**TASK INSTRUCTIONS:**
Below this line is a set of entries; quote exactly the lines from the line that contains "Smiling woman with" to the line that contains "Guests ordering at", both lines included.

**RECORDS SUPPLIED:**
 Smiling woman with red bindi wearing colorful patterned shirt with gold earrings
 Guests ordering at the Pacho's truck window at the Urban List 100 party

...

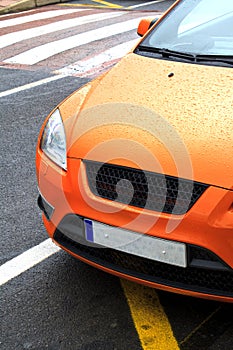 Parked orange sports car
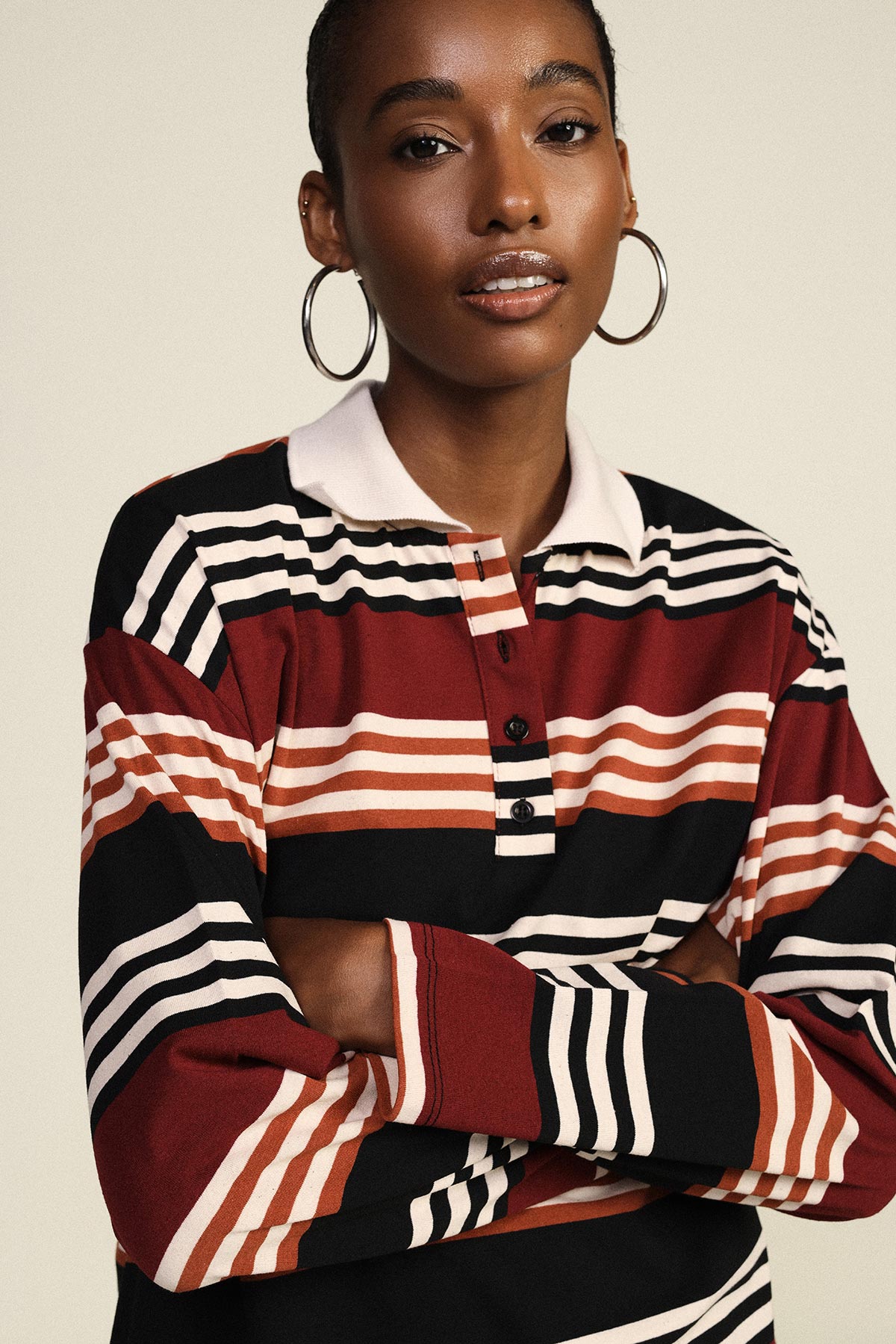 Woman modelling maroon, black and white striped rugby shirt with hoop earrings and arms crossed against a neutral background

...

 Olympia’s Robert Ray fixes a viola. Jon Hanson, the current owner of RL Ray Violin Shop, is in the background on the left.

**ANSWER TO THE PROBLEM:**
 Smiling woman with red bindi wearing colorful patterned shirt with gold earrings
 Guests ordering at the Pacho's truck window at the Urban List 100 party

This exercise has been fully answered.